Wall Street technician Louise Yamada sees more pain coming to the oil markets.
She based her forecast on two oil charts that show U.S. crude is trapped in a downward cycle.
"We've seen the completion of the target from a head and shoulders bottom back in 2015-2016. It went directly up to $78-$79 [a barrel]," she said Thursday on CNBC's "Futures Now." "This has been a severe setback. We were looking for a weakness towards the trend. It's actually broken the trend."
Yamada, who runs Louise Yamada Technical Research Advisors, expects a more structural decline to take place.
"The weekly momentum has been declining for half the year, suggesting that the rally was weakening. And, now we're at the point where the monthly is just kissing for a sell signal," she noted.
West Texas Intermediate (WTI) crude gained 21 cents on Thursday to close at $56.46 a barrel. The commodity, which is in bear territory, is off 21 percent over the past four weeks. She expects the $52 to $53 could act as a temporary support level for crude.
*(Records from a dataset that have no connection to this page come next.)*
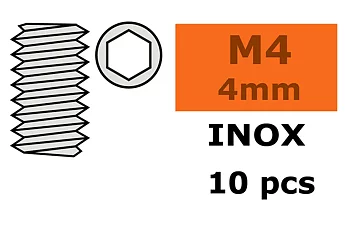 G-Force GF-0205-007 Hex Set Screw, M4x4 - Stainless Steel - 10 pcs
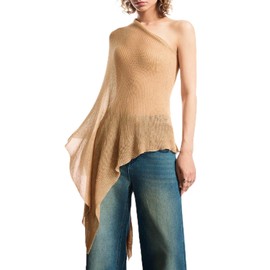 Milumia Women's Lightweight Sheer Knit Ponchos Shrug Wraps Knitted Scarf Poncho Sweater Cape Shawl Apricot Small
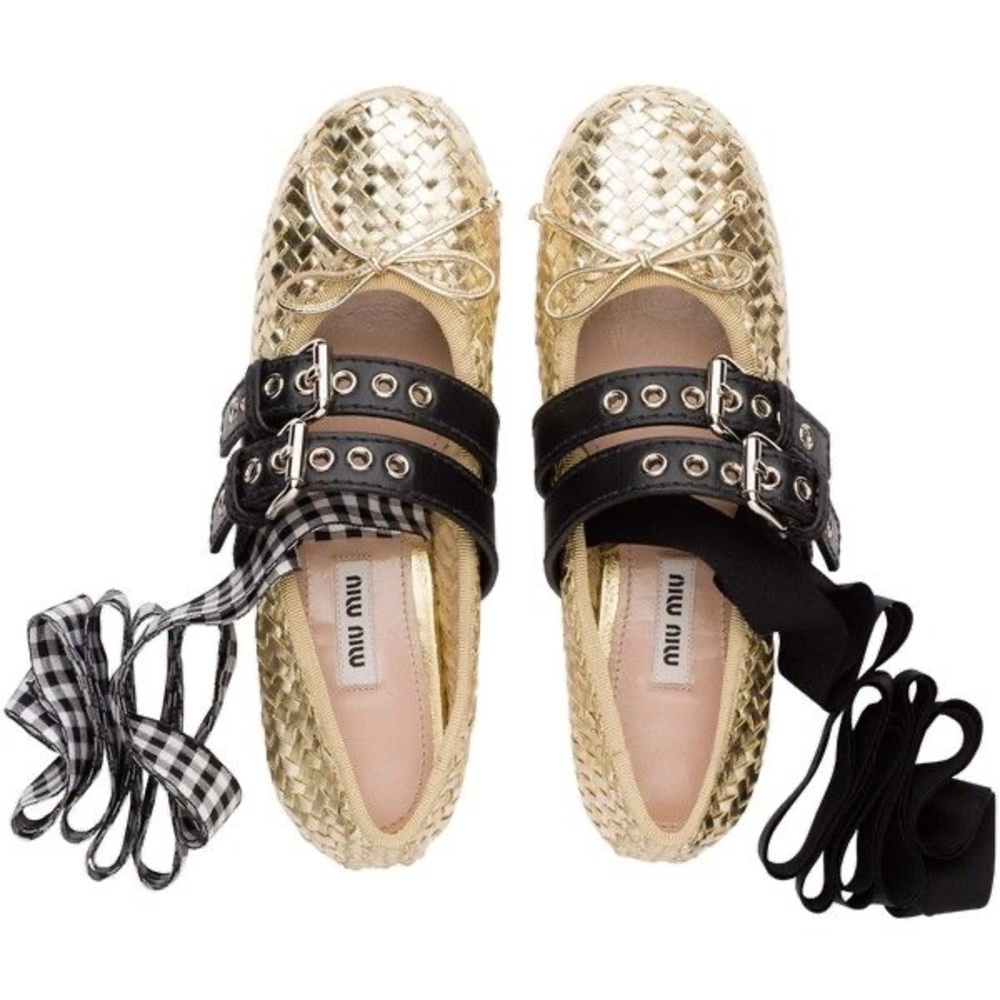 Gold Woven Miu Miu Ballet Flats With Buckle Belts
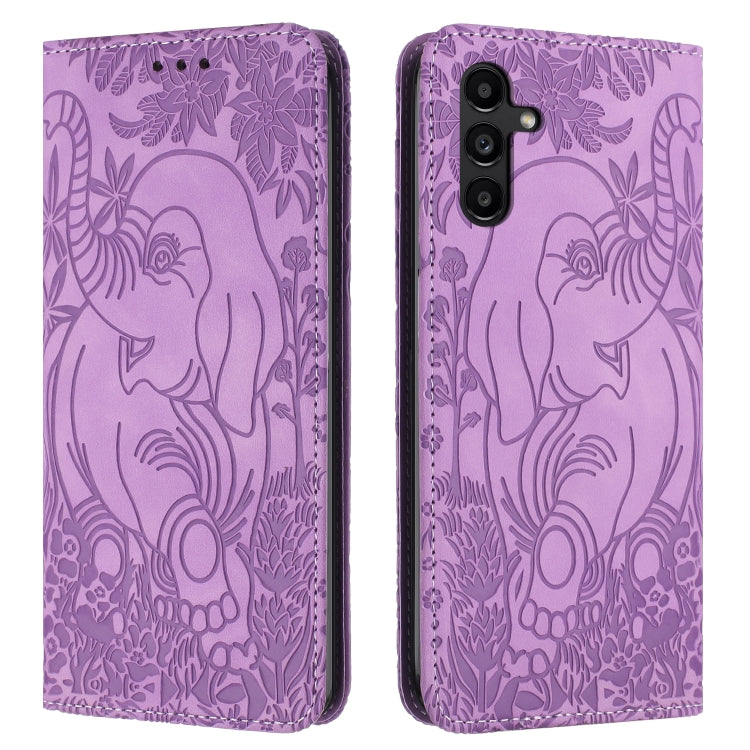 Retro Elephant Embossed Leather Phone Case, For Samsung Galaxy S25 5G, For Samsung Galaxy S25+ 5G, For Samsung Galaxy S25 Ultra 5G, For Samsung Galaxy S24 FE 5G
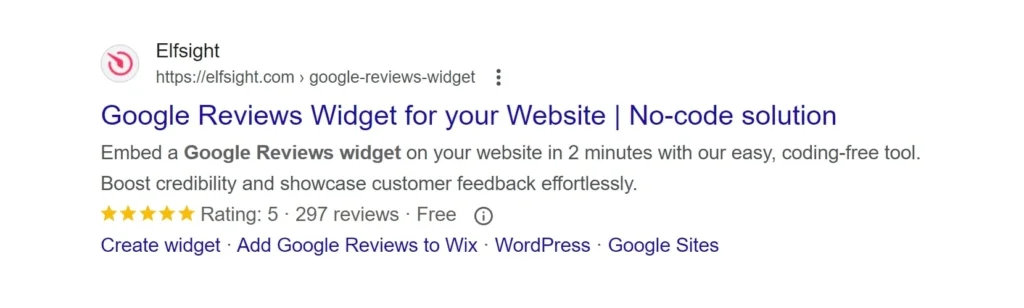 Gain Google rating snippet in search results
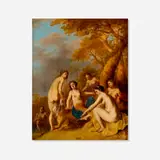 Dirck van der Lisse, Nymphs drying themselves after bathing, oil on panel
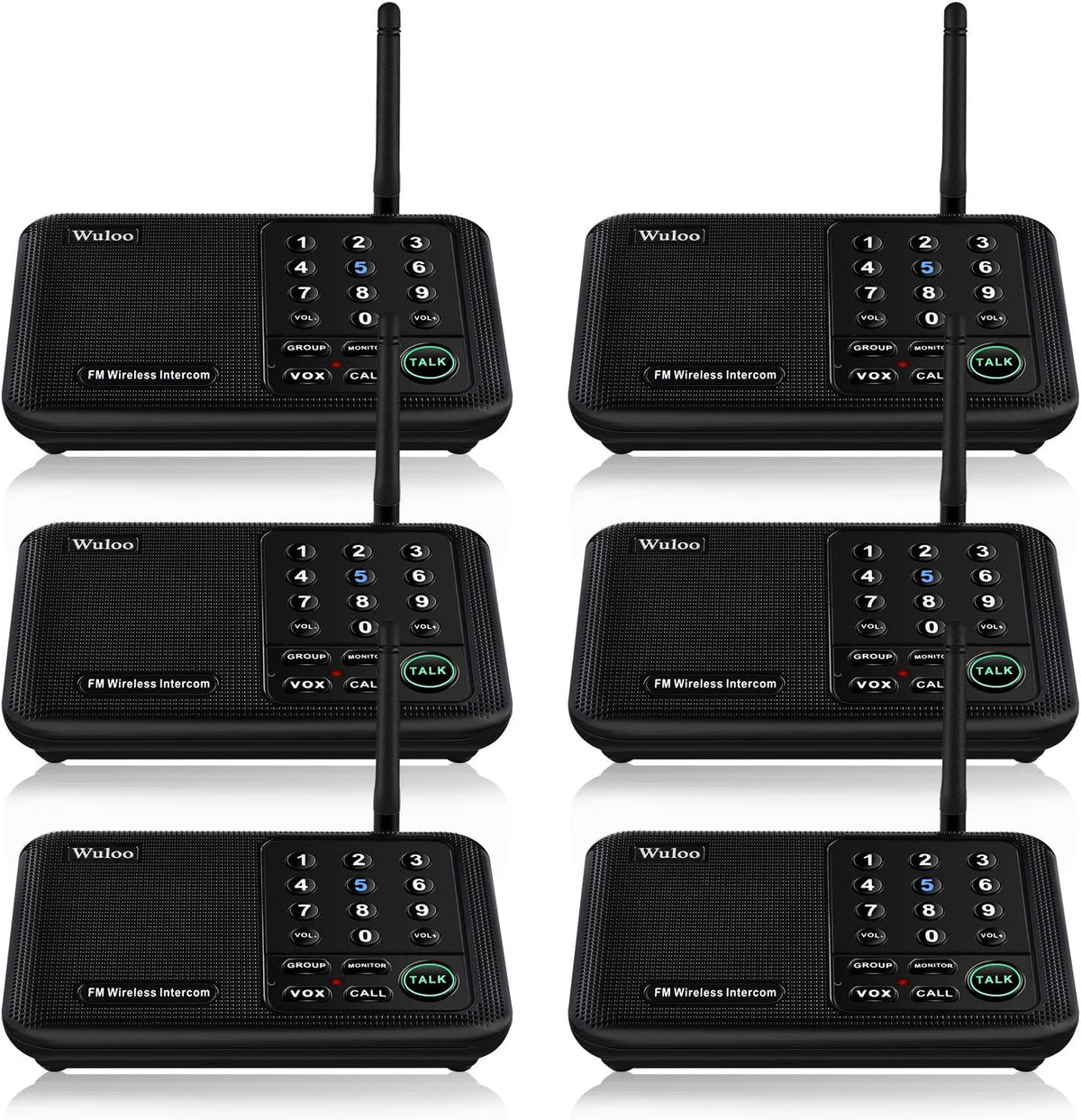 Wireless Intercom System 5280 Feet Range 10 Channel 4 Packs Black Q57281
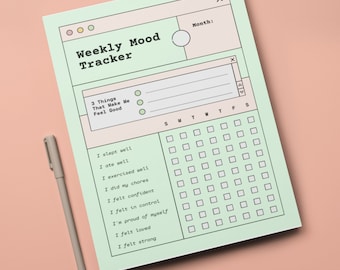 Puede incluir: Un rastreador de humor semanal imprimible verde y blanco con una sección para enumerar tres cosas que te hacen sentir bien y una cuadrícula para rastrear tu humor cada día de la semana. El rastreador incluye una sección para anotar el mes actual.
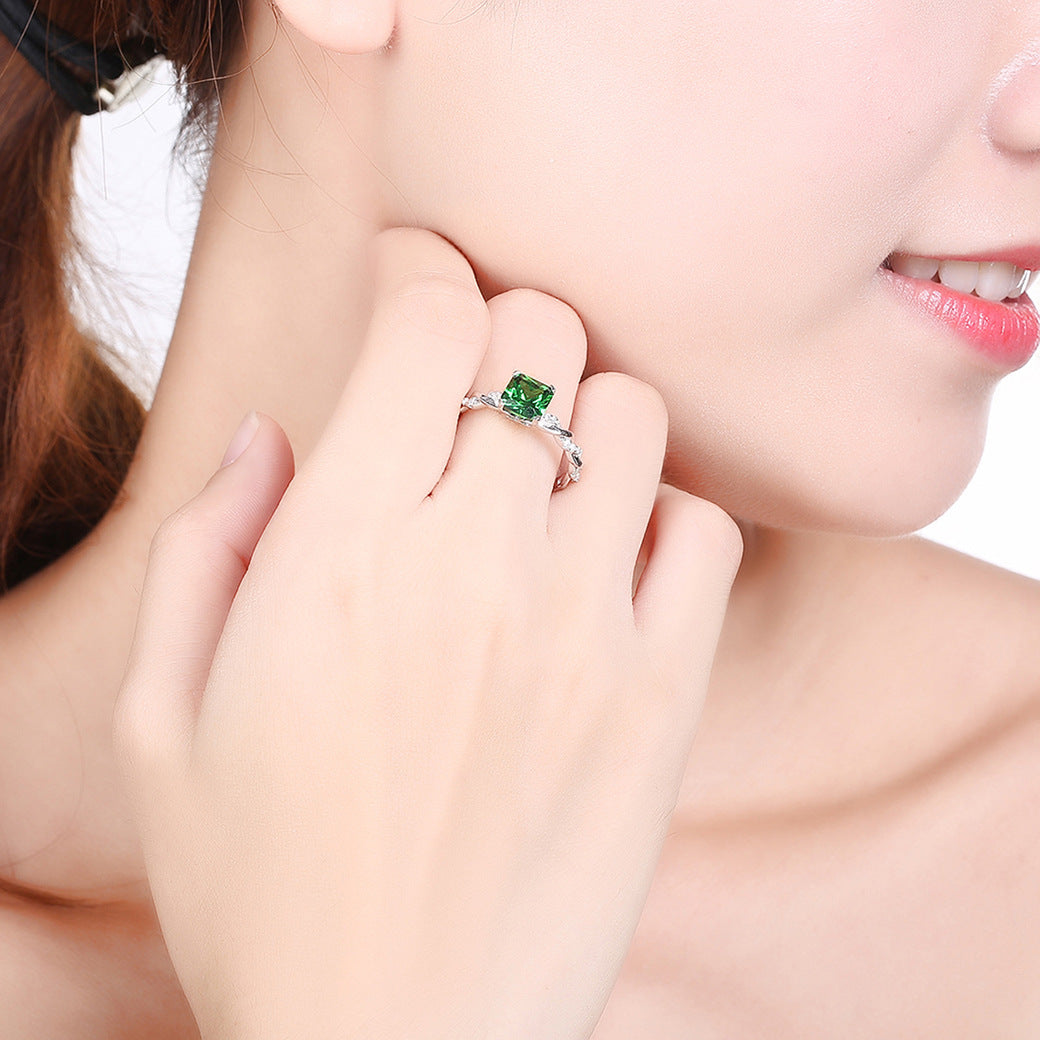 Shiny Princess Cut Sterling Silver Ring-ZX-Juri Elle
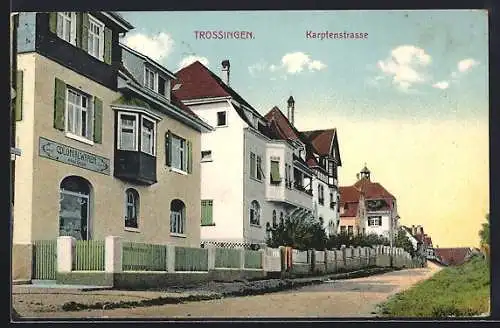 AK Trossingen, Karpfenstrasse mit Colonialwarengeschäft Bauer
"It's difficult to say whether it will be days or weeks," she said. "This whole equity market has been doing more on the downside than many people expected. We've been cautious for quite a while."
On Wednesday, WTI snapped its longest losing streak ever, down 12 days in a row. Due to the severity of the oil decline, Yamada isn't eliminating the chance of a near-term bounce to the $59 to $60 a barrel. However, she's convinced there's a low probability it'll stick, referring to how crude has traded since its all-time high of $145 a barrel hit back in July 2008.
"[It's a] very interesting confluence of resistance levels that suggest it might be over for the upside for some time to come," Yamada said.